The Kazakh oil and gas sector will be driven over the medium term by ongoing and planned mega projects in the upstream segment and by undergoing expansion and planned disposals in the downstream segment, Fitch Ratings said in a report published on August 25.
The country has been decreasing oil output as low global oil prices make production at some ageing fields unfeasible. On the other hand, production at the giant offshore Kashagan field has been postponed for at least three years after the discovery of a leakage on pipelines linking the field with offshore facilities weeks after its launch in September 2013. The country produced 80mn tonnes of oil in 2015, against 81mn tonnes in 2014. The government expects oil output to total 74mn tonnes this year if the oil price averages $30 per barrel and 77mn tonnes at $40 per barrel.
Kazakhstan's 2015 output of 1.7mn barrels of oil equivalent per day compared well with that of Qatar and Norway with production of 1.9mn barrels per day each, but lags behind Nigeria's (2.4mn), Brazil's (2.5mn) and Mexico's (2.6mn), Fitch said in its “Upstream Projects, Downstream Disposals Define the Kazakhstan Oil and Gas Sector” report. Since 2001 Kazakhstan's oil production has doubled, and in 2030 it may reach 2.7mn, up 60% on 2015, the ratings agency suggests.

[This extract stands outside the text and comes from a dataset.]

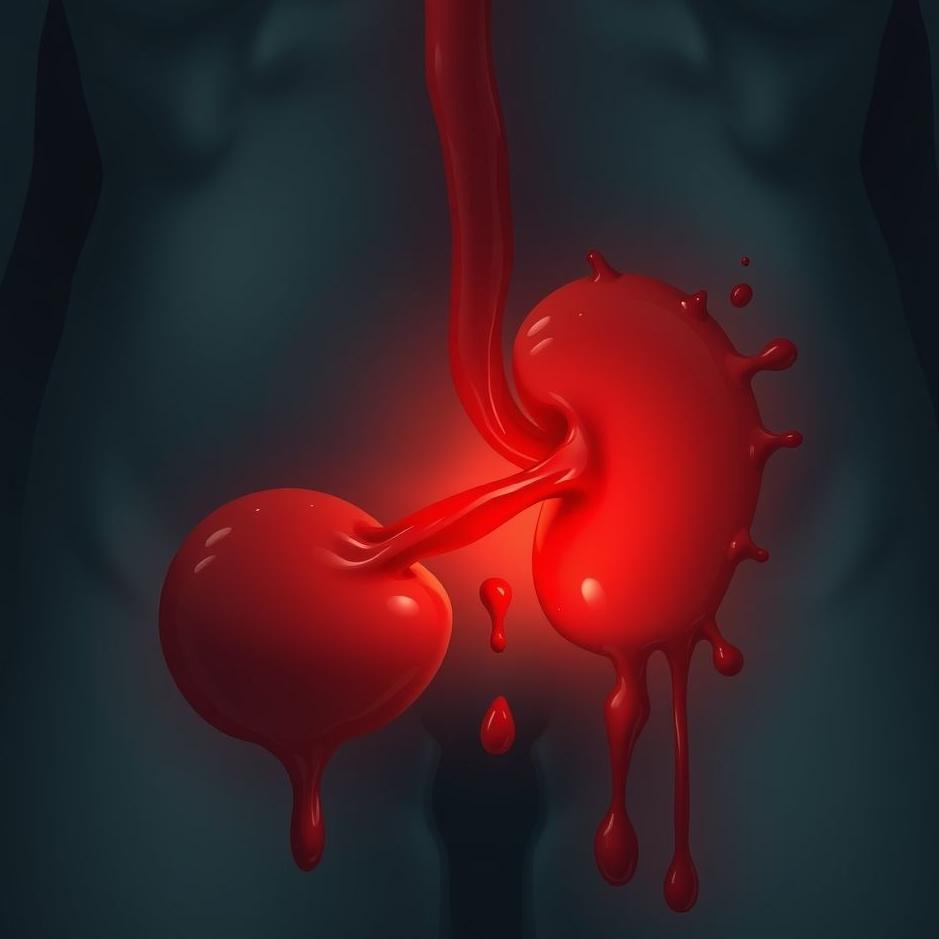 Dream : Blood coming from the urinary tract in a dream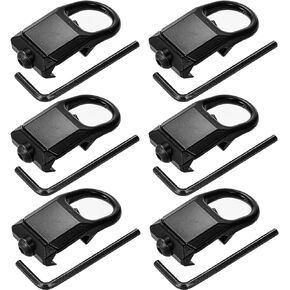 WUWEOT 6 Pack Sling Rail Attachment Mounts, Sling Swivel Mounts with Hex Wrenches for Outdoors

“In 2025 the projected share of production from Kazakhstan's top-three mega oil projects - Tengizchevroil (TCO), Kashagan and Karachaganak - is likely to exceed 75% of the country's total, up from 50% in 2015,” Fitch said. “Kazakhstan's over-reliance on a few mega oil fields makes it more exposed to single-project geological and technical risks and oil price volatility, as illustrated by the ongoing multi-billion dollar efforts to restart Kashagan.” Since the suspension of production at Kashagan, NCOC, which is developing the project, has been replacing the underwater pipelines at an estimated price tag of $3bn.
The announced $37bn Tengiz expansion will reduce cash dividends to the national oil and gas company KazMunayGas (NC KMG) over the medium term. “Combined with lower upstream earnings due to high costs and poor netbacks at KMG EP, NC KMG's key upstream subsidiary, this will slow down NC KMG's deleveraging. The three-year Kashagan start-up delay is cash-neutral for the group, as we expect it to use cash dividends from Kashagan first to repay the $1.8bn deferred acquisition consideration,” Fitch suggested.
NC KMG's midstream assets - oil and gas pipelines operated by subsidiaries KazTransOil (KTO), KazTransGas (KTG) and Intergas Central Asia (ICA) - generate stable earnings for the group, or about $1bn in EBITDA on average in 2012-2015. “Most of the oil and pipeline capacity expansion will not bring cash earnings to the group, as it is being done through the joint ventures (JVs) that are unlikely to pay NC KMG large dividends over the medium term.”
KTG has been gradually losing gas transit revenues as China has replaced Russia as the main destination for Central Asian gas with transit volumes of 30.6bn cubic metres (bcm) in 2015. “KTG receives little benefit from the gas transit to China, as the Central Asia-China gas pipeline is operated by a JV that needs to repay large loans raised for the pipeline construction, before it can pay any dividends to KTG.”
NC KMG announced plans to sell its Kazakh refineries in Atyrau, Shymkent and Pavlodar, and KMG International (KMGI), a Romanian refiner, despite billion-dollar investments to date and more planned capex in 2016-2018 in refining and marketing (RM). “The disposals aim to deconsolidate the nearly $3bn debt associated with RM, although this may be hard to achieve.”
In 2016-2018 NC KMG is aiming to cut capex by 50% compared with 2013-2015, to $4.5bn, including $2bn in downstream - a drop on the October 2014 estimates of around $6bn in 2016-2018, Fitch noted. “The 60% Brent fall, shortage of funds used mainly for debt repayments and the 50% tenge depreciation since end-2014 are the reasons for the capex decline,” it explained. “We view NC KMG's downstream capex as mainly committed.”